> **Activity**
All of the data below should be printed again exactly, pictures excluded.
Available data below:
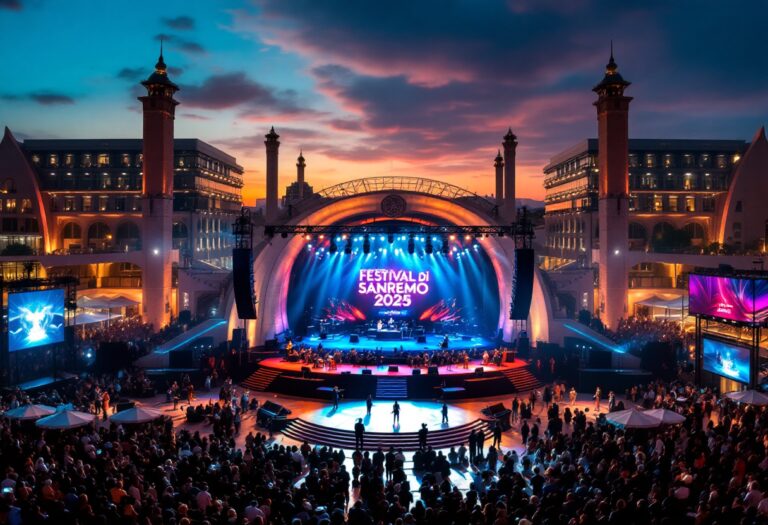 Immagine del festival di Sanremo con artisti sul palco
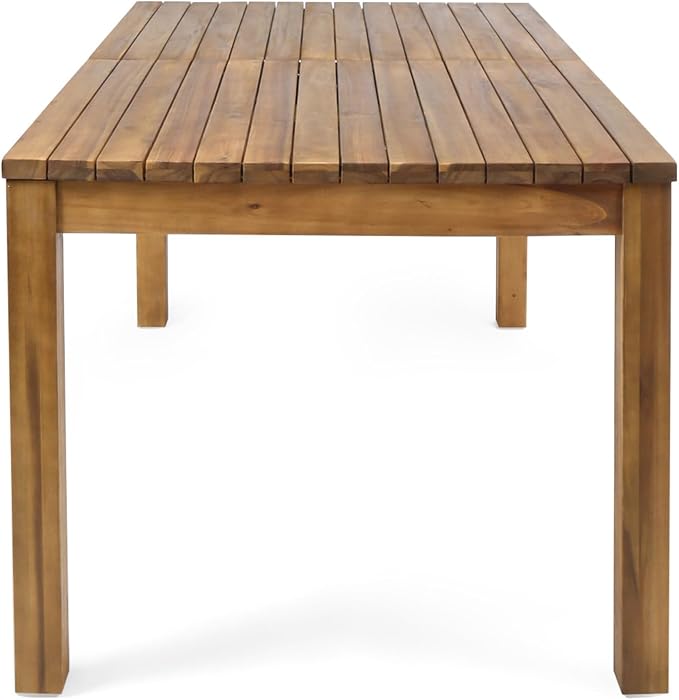 Christopher Knight Home Rosita Extendable Acacia Wood Outdoor Dining Set for 6, Expandable Patio Dining Table and Chairs Set of 6, Solid Wood Outdoor Dining Armchair and Table Set, Teak+Natural Washed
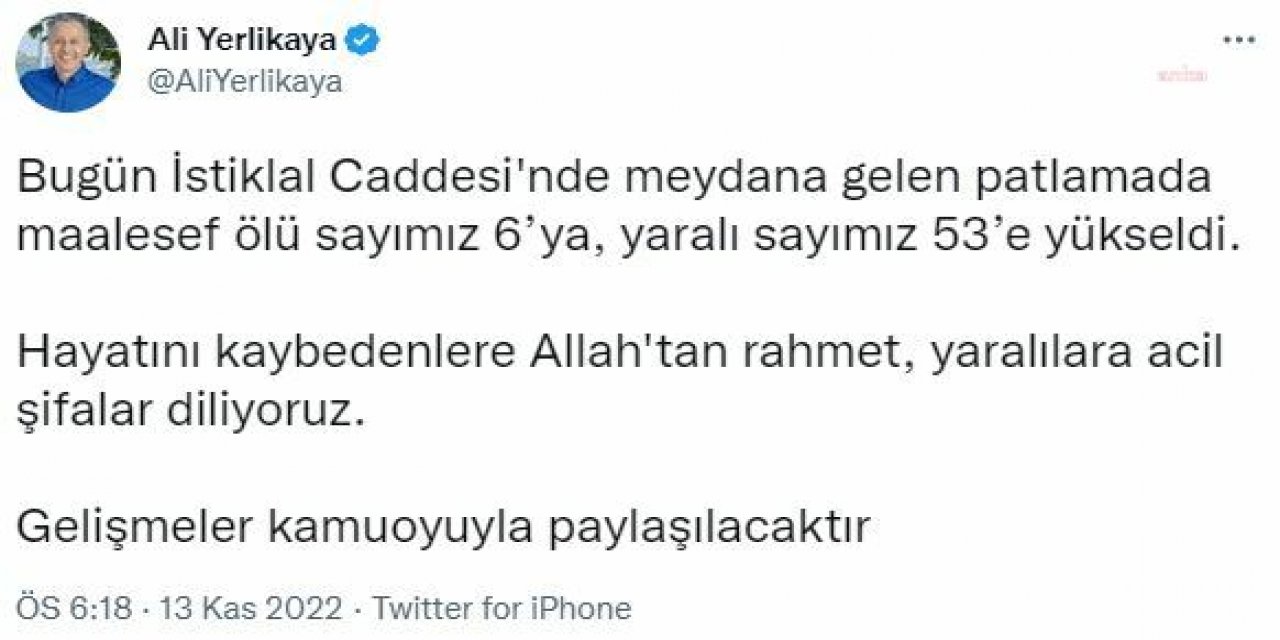 PATLAMADA CAN KAYBI ARTIYOR... İSTANBUL VALİSİ ALİ YERLİKAYA: "ÖLÜ SAYIMIZ 6'YA, YARALI SAYIMIZ İSE 53'E YÜKSELDİ"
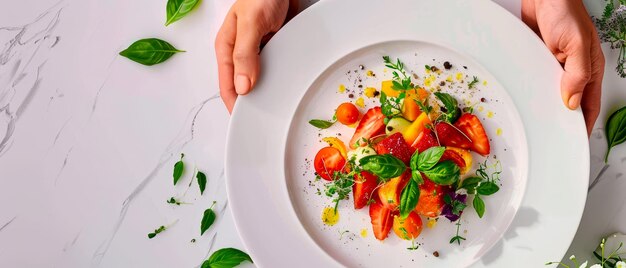 A plate of food with a person holding it variety of fruits and vegetables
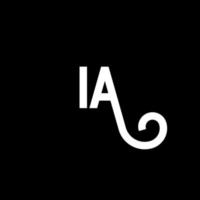 diseño del logotipo de la letra ia sobre fondo negro. ia concepto de logotipo de letra de iniciales creativas. diseño de letras ia. ia diseño de letras blancas sobre fondo negro. ia, logotipo de ia vector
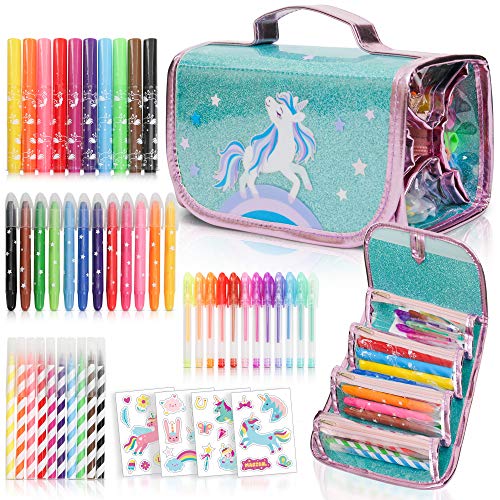 Unicorn Markers Set with Pencil Case - Perfect Gift for Girls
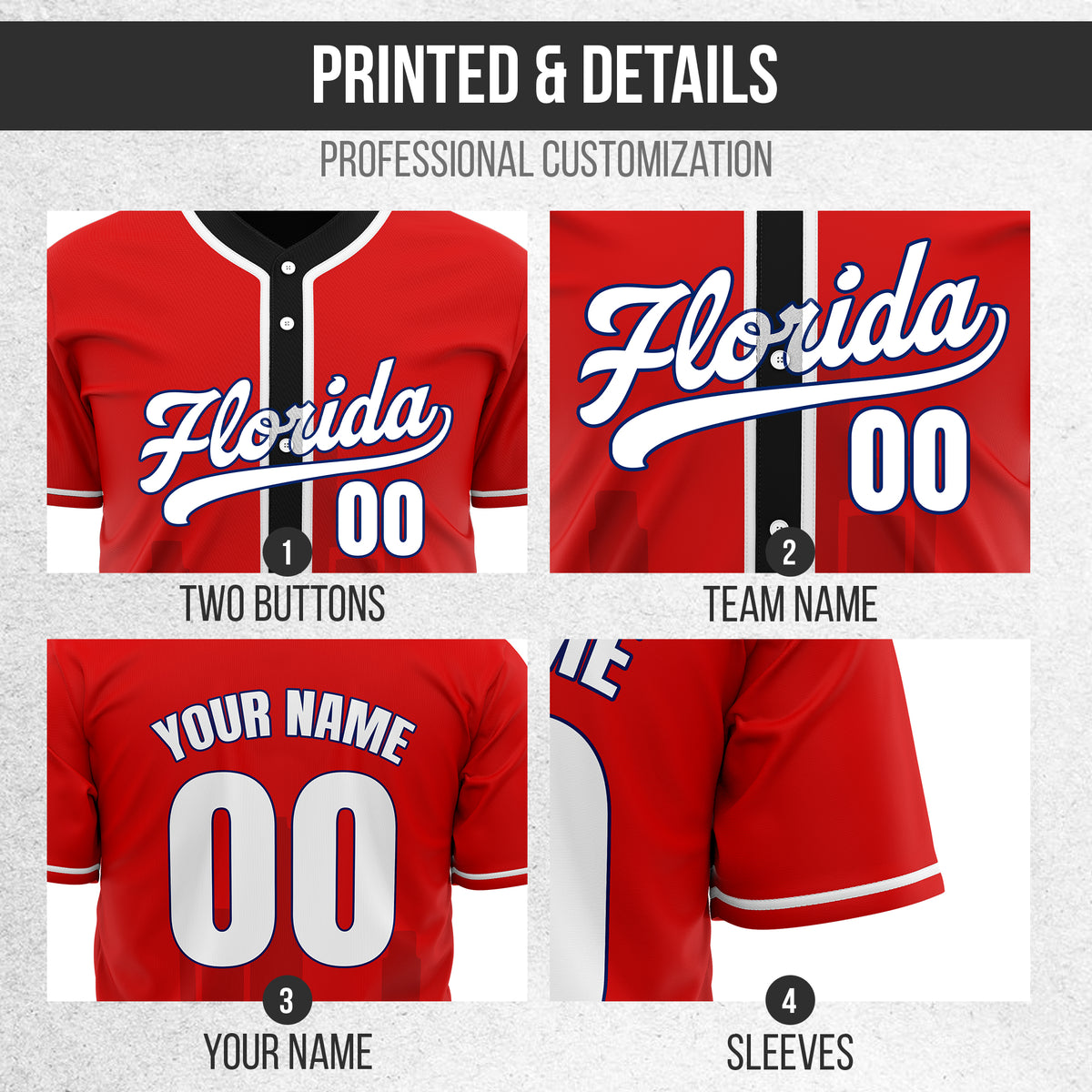 Custom City Flux Red Baseball Sports Jersey Personalized Uniform with Name & Number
End of Available data.
> **Reply to the task**
 Immagine del festival di Sanremo con artisti sul palco
 Christopher Knight Home Rosita Extendable Acacia Wood Outdoor Dining Set for 6, Expandable Patio Dining Table and Chairs Set of 6, Solid Wood Outdoor Dining Armchair and Table Set, Teak+Natural Washed
 PATLAMADA CAN KAYBI ARTIYOR... İSTANBUL VALİSİ ALİ YERLİKAYA: "ÖLÜ SAYIMIZ 6'YA, YARALI SAYIMIZ İSE 53'E YÜKSELDİ"
 A plate of food with a person holding it variety of fruits and vegetables
 diseño del logotipo de la letra ia sobre fondo negro. ia concepto de logotipo de letra de iniciales creativas. diseño de letras ia. ia diseño de letras blancas sobre fondo negro. ia, logotipo de ia vector
 Unicorn Markers Set with Pencil Case - Perfect Gift for Girls
 Custom City Flux Red Baseball Sports Jersey Personalized Uniform with Name & Number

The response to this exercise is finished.